» Assignment: Copy every entry. Do not alter a single word.

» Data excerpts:
Segment Open
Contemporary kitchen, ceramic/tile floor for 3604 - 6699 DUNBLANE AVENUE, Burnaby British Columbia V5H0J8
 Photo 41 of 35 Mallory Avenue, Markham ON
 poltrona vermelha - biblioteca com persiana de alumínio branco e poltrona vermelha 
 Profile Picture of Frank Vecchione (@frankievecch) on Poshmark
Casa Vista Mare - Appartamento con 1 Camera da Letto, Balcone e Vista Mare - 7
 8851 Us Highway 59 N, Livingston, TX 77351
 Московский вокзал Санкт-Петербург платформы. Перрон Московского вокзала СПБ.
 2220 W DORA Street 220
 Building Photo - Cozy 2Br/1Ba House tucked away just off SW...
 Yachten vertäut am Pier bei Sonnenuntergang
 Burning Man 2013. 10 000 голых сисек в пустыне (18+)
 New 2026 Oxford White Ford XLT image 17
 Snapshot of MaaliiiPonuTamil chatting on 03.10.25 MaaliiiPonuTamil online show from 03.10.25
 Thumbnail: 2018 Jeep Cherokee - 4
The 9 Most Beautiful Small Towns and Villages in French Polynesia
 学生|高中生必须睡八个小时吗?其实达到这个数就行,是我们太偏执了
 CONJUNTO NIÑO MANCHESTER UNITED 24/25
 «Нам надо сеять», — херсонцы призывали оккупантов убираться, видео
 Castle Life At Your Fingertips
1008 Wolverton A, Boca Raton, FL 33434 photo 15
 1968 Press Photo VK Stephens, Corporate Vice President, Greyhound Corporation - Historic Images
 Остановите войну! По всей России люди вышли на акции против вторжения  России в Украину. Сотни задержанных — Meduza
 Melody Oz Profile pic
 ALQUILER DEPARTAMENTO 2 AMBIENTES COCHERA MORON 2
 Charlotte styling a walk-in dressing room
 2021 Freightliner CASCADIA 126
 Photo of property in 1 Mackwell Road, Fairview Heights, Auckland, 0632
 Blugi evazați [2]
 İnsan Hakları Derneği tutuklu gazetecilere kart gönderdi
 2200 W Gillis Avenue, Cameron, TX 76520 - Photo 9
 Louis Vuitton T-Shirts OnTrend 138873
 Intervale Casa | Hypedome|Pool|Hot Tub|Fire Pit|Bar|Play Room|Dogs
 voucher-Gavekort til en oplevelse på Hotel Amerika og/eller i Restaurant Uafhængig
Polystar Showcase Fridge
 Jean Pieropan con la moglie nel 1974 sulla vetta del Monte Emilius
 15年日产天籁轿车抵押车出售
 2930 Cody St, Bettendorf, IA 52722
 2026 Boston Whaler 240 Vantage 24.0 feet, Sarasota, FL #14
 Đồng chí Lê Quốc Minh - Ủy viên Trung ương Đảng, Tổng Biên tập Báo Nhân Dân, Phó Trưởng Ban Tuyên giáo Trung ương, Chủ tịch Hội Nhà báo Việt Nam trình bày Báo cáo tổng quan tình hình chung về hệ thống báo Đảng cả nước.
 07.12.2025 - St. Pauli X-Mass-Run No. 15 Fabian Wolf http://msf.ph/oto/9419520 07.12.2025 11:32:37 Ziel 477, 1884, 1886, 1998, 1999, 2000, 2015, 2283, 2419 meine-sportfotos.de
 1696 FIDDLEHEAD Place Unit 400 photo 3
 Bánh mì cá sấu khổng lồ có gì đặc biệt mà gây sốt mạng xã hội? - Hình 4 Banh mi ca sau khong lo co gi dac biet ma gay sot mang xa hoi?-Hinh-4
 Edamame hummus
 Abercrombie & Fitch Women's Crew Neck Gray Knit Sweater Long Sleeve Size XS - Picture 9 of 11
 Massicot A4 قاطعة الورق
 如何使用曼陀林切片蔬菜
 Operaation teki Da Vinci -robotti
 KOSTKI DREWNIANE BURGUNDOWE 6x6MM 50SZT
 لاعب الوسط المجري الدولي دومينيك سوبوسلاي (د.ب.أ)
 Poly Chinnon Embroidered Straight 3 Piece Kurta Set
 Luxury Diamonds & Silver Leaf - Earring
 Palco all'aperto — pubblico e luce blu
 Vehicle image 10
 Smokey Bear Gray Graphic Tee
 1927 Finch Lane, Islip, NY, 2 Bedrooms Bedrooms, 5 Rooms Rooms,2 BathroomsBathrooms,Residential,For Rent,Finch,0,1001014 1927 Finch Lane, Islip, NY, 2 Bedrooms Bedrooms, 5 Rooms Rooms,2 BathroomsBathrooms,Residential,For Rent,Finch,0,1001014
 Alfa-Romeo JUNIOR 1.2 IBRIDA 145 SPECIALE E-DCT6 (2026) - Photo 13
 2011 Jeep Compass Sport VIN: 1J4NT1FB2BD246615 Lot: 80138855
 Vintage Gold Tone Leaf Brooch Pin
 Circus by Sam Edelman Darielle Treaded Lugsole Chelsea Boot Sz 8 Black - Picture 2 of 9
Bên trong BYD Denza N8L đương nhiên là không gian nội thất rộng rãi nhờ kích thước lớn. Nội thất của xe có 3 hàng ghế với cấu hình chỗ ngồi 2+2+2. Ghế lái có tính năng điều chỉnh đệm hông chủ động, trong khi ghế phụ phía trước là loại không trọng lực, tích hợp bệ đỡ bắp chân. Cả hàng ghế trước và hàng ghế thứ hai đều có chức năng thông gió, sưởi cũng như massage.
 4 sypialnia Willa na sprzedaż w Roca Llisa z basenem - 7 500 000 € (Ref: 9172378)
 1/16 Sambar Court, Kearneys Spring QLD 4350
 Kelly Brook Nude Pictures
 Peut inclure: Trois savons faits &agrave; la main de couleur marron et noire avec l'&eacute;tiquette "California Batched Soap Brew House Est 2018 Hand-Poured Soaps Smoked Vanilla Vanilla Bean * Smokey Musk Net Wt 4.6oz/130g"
Segment Closed
» Exercise response:
Contemporary kitchen, ceramic/tile floor for 3604 - 6699 DUNBLANE AVENUE, Burnaby British Columbia V5H0J8
 Photo 41 of 35 Mallory Avenue, Markham ON
 poltrona vermelha - biblioteca com persiana de alumínio branco e poltrona vermelha 
 Profile Picture of Frank Vecchione (@frankievecch) on Poshmark
Casa Vista Mare - Appartamento con 1 Camera da Letto, Balcone e Vista Mare - 7
 8851 Us Highway 59 N, Livingston, TX 77351
 Московский вокзал Санкт-Петербург платформы. Перрон Московского вокзала СПБ.
 2220 W DORA Street 220
 Building Photo - Cozy 2Br/1Ba House tucked away just off SW...
 Yachten vertäut am Pier bei Sonnenuntergang
 Burning Man 2013. 10 000 голых сисек в пустыне (18+)
 New 2026 Oxford White Ford XLT image 17
 Snapshot of MaaliiiPonuTamil chatting on 03.10.25 MaaliiiPonuTamil online show from 03.10.25
 Thumbnail: 2018 Jeep Cherokee - 4
The 9 Most Beautiful Small Towns and Villages in French Polynesia
 学生|高中生必须睡八个小时吗?其实达到这个数就行,是我们太偏执了
 CONJUNTO NIÑO MANCHESTER UNITED 24/25
 «Нам надо сеять», — херсонцы призывали оккупантов убираться, видео
 Castle Life At Your Fingertips
1008 Wolverton A, Boca Raton, FL 33434 photo 15
 1968 Press Photo VK Stephens, Corporate Vice President, Greyhound Corporation - Historic Images
 Остановите войну! По всей России люди вышли на акции против вторжения  России в Украину. Сотни задержанных — Meduza
 Melody Oz Profile pic
 ALQUILER DEPARTAMENTO 2 AMBIENTES COCHERA MORON 2
 Charlotte styling a walk-in dressing room
 2021 Freightliner CASCADIA 126
 Photo of property in 1 Mackwell Road, Fairview Heights, Auckland, 0632
 Blugi evazați [2]
 İnsan Hakları Derneği tutuklu gazetecilere kart gönderdi
 2200 W Gillis Avenue, Cameron, TX 76520 - Photo 9
 Louis Vuitton T-Shirts OnTrend 138873
 Intervale Casa | Hypedome|Pool|Hot Tub|Fire Pit|Bar|Play Room|Dogs
 voucher-Gavekort til en oplevelse på Hotel Amerika og/eller i Restaurant Uafhængig
Polystar Showcase Fridge
 Jean Pieropan con la moglie nel 1974 sulla vetta del Monte Emilius
 15年日产天籁轿车抵押车出售
 2930 Cody St, Bettendorf, IA 52722
 2026 Boston Whaler 240 Vantage 24.0 feet, Sarasota, FL #14
 Đồng chí Lê Quốc Minh - Ủy viên Trung ương Đảng, Tổng Biên tập Báo Nhân Dân, Phó Trưởng Ban Tuyên giáo Trung ương, Chủ tịch Hội Nhà báo Việt Nam trình bày Báo cáo tổng quan tình hình chung về hệ thống báo Đảng cả nước.
 07.12.2025 - St. Pauli X-Mass-Run No. 15 Fabian Wolf http://msf.ph/oto/9419520 07.12.2025 11:32:37 Ziel 477, 1884, 1886, 1998, 1999, 2000, 2015, 2283, 2419 meine-sportfotos.de
 1696 FIDDLEHEAD Place Unit 400 photo 3
 Bánh mì cá sấu khổng lồ có gì đặc biệt mà gây sốt mạng xã hội? - Hình 4 Banh mi ca sau khong lo co gi dac biet ma gay sot mang xa hoi?-Hinh-4
 Edamame hummus
 Abercrombie & Fitch Women's Crew Neck Gray Knit Sweater Long Sleeve Size XS - Picture 9 of 11
 Massicot A4 قاطعة الورق
 如何使用曼陀林切片蔬菜
 Operaation teki Da Vinci -robotti
 KOSTKI DREWNIANE BURGUNDOWE 6x6MM 50SZT
 لاعب الوسط المجري الدولي دومينيك سوبوسلاي (د.ب.أ)
 Poly Chinnon Embroidered Straight 3 Piece Kurta Set
 Luxury Diamonds & Silver Leaf - Earring
 Palco all'aperto — pubblico e luce blu
 Vehicle image 10
 Smokey Bear Gray Graphic Tee
 1927 Finch Lane, Islip, NY, 2 Bedrooms Bedrooms, 5 Rooms Rooms,2 BathroomsBathrooms,Residential,For Rent,Finch,0,1001014 1927 Finch Lane, Islip, NY, 2 Bedrooms Bedrooms, 5 Rooms Rooms,2 BathroomsBathrooms,Residential,For Rent,Finch,0,1001014
 Alfa-Romeo JUNIOR 1.2 IBRIDA 145 SPECIALE E-DCT6 (2026) - Photo 13
 2011 Jeep Compass Sport VIN: 1J4NT1FB2BD246615 Lot: 80138855
 Vintage Gold Tone Leaf Brooch Pin
 Circus by Sam Edelman Darielle Treaded Lugsole Chelsea Boot Sz 8 Black - Picture 2 of 9
Bên trong BYD Denza N8L đương nhiên là không gian nội thất rộng rãi nhờ kích thước lớn. Nội thất của xe có 3 hàng ghế với cấu hình chỗ ngồi 2+2+2. Ghế lái có tính năng điều chỉnh đệm hông chủ động, trong khi ghế phụ phía trước là loại không trọng lực, tích hợp bệ đỡ bắp chân. Cả hàng ghế trước và hàng ghế thứ hai đều có chức năng thông gió, sưởi cũng như massage.
 4 sypialnia Willa na sprzedaż w Roca Llisa z basenem - 7 500 000 € (Ref: 9172378)
 1/16 Sambar Court, Kearneys Spring QLD 4350
 Kelly Brook Nude Pictures
 Peut inclure: Trois savons faits &agrave; la main de couleur marron et noire avec l'&eacute;tiquette "California Batched Soap Brew House Est 2018 Hand-Poured Soaps Smoked Vanilla Vanilla Bean * Smokey Musk Net Wt 4.6oz/130g"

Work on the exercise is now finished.